Re: [Veritas-ha] IPMultiNICB, mpathd and network outages

2008-10-20 Thread Paul Robertson
Buddy,

Thanks for the info.

The FaultPropagation=0 idea is a good one, but it applies at the
service group level, and cannot be set only for specified resources or
resource types. It's probably better than my ToleranceLimit approach,
since it results in a resfault and will therefore run our resfault
trigger to send smtp notification.

If there was an equivalent parameter that applied at the resource
level, then I'd have exactly what I was looking for.

Cheers,

Paul

On Mon, Oct 20, 2008 at 11:09 AM, DeMontier, Frank
[EMAIL PROTECTED] wrote:
 FaultPropagation=0 should do it.

 Buddy DeMontier
 State Street Global Advisors
 Infrastructure Technical Services
 Boston Ma 02111

___
Veritas-ha maillist  -  Veritas-ha@mailman.eng.auburn.edu
http://mailman.eng.auburn.edu/mailman/listinfo/veritas-ha


Re: [Veritas-ha] IPMultiNICB, mpathd and network outages

2008-10-20 Thread Sandeep Agarwal (MTV)
If you only have 1 router (which is very common) in your subnet then the
router can possibly be a SPOF for IPMP. Here's how you can setup up more
targets for the IPMP to probe so that the router is not a SPOF.

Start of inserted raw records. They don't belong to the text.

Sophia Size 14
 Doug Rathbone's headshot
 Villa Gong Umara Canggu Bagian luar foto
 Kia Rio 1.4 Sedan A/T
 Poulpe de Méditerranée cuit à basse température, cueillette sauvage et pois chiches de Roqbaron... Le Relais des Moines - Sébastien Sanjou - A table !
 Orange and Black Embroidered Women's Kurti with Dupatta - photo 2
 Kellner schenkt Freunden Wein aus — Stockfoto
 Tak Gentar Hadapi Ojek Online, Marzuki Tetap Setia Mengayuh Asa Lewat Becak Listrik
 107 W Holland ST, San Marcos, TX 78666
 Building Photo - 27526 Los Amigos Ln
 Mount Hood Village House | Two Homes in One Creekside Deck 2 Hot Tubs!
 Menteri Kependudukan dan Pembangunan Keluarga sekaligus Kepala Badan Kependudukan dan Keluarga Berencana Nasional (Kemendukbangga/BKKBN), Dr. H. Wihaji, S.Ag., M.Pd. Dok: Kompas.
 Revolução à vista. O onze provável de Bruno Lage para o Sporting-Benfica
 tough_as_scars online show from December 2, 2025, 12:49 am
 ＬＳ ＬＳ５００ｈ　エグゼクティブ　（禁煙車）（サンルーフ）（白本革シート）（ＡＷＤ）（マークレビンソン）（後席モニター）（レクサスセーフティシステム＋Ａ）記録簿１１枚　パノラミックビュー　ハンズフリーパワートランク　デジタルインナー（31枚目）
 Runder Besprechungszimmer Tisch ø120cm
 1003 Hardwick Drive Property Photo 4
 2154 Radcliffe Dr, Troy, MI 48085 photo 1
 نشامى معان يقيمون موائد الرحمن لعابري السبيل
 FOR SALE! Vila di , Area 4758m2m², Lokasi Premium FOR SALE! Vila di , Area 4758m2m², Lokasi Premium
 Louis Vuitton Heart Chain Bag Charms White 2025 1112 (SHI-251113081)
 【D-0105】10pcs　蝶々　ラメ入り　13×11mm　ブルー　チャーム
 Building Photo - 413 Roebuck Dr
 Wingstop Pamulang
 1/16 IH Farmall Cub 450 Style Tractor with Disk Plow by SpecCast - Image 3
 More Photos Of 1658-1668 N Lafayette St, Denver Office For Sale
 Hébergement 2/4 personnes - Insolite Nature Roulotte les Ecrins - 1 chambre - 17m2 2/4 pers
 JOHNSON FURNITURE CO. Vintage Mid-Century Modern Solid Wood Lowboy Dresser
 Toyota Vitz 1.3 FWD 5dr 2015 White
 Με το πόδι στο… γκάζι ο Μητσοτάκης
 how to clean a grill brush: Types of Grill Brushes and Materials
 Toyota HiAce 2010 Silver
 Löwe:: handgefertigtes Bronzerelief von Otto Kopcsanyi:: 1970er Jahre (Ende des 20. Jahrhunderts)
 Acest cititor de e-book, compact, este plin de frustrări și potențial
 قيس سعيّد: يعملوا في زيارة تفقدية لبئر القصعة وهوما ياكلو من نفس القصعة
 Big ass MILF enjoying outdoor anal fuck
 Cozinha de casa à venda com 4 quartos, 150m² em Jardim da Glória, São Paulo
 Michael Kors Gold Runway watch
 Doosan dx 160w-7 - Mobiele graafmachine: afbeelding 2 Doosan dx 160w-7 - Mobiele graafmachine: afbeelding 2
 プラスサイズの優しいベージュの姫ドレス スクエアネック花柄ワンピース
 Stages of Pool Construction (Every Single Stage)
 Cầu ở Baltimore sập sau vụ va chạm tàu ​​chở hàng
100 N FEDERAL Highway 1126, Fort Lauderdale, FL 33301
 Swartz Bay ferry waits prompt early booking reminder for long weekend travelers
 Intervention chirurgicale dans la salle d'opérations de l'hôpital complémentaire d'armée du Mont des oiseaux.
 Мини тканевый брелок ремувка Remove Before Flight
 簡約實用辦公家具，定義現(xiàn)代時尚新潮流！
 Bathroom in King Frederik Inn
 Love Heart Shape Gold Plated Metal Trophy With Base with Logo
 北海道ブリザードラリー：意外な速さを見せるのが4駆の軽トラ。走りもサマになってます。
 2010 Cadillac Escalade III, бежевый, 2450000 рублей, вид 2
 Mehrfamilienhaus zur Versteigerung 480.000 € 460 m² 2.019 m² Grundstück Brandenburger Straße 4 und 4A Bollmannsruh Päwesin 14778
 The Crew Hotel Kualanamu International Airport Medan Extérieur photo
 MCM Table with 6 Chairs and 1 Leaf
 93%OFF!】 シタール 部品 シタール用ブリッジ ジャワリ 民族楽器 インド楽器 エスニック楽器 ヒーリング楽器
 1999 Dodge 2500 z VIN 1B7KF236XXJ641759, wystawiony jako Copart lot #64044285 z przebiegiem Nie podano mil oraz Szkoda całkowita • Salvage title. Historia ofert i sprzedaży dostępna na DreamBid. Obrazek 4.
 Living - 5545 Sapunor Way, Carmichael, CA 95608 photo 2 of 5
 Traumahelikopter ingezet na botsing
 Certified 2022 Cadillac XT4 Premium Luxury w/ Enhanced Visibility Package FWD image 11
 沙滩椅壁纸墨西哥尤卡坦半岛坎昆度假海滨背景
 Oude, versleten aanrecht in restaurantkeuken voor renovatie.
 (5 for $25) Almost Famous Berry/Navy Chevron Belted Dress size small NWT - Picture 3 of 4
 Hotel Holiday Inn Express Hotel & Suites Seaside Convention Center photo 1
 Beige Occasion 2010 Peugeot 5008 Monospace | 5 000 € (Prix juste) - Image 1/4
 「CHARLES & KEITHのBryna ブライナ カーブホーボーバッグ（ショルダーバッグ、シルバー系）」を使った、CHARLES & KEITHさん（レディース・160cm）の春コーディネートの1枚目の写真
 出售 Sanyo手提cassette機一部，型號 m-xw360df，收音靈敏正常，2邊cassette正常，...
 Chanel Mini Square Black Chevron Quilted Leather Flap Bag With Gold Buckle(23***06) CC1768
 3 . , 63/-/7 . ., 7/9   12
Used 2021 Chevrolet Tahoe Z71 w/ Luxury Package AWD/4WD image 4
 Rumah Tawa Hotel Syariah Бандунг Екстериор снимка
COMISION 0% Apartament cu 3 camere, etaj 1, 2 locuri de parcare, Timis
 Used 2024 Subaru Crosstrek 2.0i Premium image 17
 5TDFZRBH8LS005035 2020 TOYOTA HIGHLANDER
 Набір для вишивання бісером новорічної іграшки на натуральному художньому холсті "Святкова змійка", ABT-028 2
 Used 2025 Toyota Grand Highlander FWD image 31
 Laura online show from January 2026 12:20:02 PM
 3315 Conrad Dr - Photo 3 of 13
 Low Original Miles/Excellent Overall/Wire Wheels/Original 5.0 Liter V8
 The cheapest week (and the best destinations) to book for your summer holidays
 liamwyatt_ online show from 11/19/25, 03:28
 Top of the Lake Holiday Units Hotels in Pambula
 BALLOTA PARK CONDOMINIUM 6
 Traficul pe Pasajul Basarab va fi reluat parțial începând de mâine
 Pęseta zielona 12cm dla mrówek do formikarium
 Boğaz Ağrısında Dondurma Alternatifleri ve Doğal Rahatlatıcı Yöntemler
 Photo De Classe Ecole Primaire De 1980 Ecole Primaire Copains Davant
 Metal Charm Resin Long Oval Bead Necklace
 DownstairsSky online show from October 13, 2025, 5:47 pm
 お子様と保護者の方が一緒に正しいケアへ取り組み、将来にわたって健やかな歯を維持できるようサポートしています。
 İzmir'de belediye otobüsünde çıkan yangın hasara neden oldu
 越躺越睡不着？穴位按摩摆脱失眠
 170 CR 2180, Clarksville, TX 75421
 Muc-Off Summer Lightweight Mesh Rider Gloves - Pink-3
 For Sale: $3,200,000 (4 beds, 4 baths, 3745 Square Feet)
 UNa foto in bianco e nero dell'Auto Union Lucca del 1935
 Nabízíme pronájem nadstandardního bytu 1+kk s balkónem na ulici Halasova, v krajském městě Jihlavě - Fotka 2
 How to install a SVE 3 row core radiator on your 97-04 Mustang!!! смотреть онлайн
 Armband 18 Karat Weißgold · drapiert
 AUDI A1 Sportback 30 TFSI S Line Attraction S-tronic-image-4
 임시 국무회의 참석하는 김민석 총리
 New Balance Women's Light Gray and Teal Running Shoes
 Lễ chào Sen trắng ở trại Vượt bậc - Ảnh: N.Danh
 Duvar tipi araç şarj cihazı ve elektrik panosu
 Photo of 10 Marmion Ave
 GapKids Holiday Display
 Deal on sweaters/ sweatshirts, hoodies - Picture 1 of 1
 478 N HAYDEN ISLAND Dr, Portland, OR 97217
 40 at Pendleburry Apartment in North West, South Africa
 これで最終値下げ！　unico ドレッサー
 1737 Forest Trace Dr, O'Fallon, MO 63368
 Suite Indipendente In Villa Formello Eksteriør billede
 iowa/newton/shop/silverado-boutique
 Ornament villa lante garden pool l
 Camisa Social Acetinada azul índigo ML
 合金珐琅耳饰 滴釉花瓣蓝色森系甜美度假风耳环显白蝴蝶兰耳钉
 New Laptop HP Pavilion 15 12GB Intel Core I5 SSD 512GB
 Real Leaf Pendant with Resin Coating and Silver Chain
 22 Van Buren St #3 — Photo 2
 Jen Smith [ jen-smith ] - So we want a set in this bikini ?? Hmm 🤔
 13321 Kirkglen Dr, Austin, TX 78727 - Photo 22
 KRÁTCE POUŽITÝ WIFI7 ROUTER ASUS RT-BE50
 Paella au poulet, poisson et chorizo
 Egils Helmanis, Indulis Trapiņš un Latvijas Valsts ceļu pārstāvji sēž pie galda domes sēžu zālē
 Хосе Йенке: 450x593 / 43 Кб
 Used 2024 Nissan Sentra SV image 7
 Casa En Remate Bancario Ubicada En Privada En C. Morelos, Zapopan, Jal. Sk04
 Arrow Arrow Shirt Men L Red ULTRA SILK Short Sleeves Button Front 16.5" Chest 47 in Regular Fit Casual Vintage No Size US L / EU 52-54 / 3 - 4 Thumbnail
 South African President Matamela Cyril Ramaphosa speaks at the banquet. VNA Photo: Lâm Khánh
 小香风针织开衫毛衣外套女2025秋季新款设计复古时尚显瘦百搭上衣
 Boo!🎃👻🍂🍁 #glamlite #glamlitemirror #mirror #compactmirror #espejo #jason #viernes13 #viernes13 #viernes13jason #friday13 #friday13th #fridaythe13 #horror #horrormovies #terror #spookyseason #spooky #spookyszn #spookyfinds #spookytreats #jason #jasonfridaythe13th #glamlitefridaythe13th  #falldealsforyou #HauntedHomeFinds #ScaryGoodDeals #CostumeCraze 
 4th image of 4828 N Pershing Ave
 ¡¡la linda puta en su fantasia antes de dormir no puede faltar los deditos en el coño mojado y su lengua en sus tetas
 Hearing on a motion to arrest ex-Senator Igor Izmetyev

How to Manually Specify Target Systems for Probe-Based Failure Detection

   1.

  Log in with your user account to the system where you are
configuring probe-based failure detection.
   2.

  Add a route to a particular host to be used as a target in
probe-based failure detection.

  $ route add -host destination-IP gateway-IP -static

  Replace the values of destination-IP and gateway-IP with the IPv4
address of the host to be used as a target. For example, you would type
the following to specify the target system 192.168.85.137, which is on
the same subnet as the interfaces in IPMP group testgroup1.

  $ route add -host 192.168.85.137 192.168.85.137 -static 

   3.

  Add routes to additional hosts on the network to be used as target
systems.

Taken from:
http://docs.sun.com/app/docs/doc/816-4554/etmkd?l=ena=view

This should probably be a best practise. However, one can argue that if
the router is down then the cluster is useless anyways.

Sandeep

-Original Message-
From: [EMAIL PROTECTED]
[mailto:[EMAIL PROTECTED] On Behalf Of Jim
Senicka
Sent: Monday, October 20, 2008 9:53 AM
To: DeMontier, Frank; Paul Robertson; veritas-ha@mailman.eng.auburn.edu
Subject: Re: [Veritas-ha] IPMultiNICB, mpathd and network outages


I would be more concerned about future failures being handled properly.
If you were able to take out all networks from all nodes at same time,
you have a SPOF. If this was a one time maintenance upgrade to your
network gear and not a normal event, setting VCS to not respond to
network events means that future cable or port issues will not be
handled. If it is a common occurrence for all networks to be lost,
perhaps you need to address the network issues :-)



-Original Message-
From: [EMAIL PROTECTED]
[mailto:[EMAIL PROTECTED] On Behalf Of
DeMontier, Frank
Sent: Monday, October 20, 2008 11:10 AM
To: Paul Robertson; veritas-ha@mailman.eng.auburn.edu
Subject: Re: [Veritas-ha] IPMultiNICB, mpathd and network outages

FaultPropagation=0 should do it.

Buddy DeMontier
State Street Global Advisors
Infrastructure Technical Services
Boston Ma 02111

-Original Message-
From: [EMAIL PROTECTED]
[mailto:[EMAIL PROTECTED] On Behalf Of Paul
Robertson
Sent: Monday, October 20, 2008 10:37 AM
To: veritas-ha@mailman.eng.auburn.edu
Subject: [Veritas-ha] IPMultiNICB, mpathd and network outages

We recently experienced a Cisco network issue which prevented all nodes
in that subnet from accessing the default gateway for about a minute.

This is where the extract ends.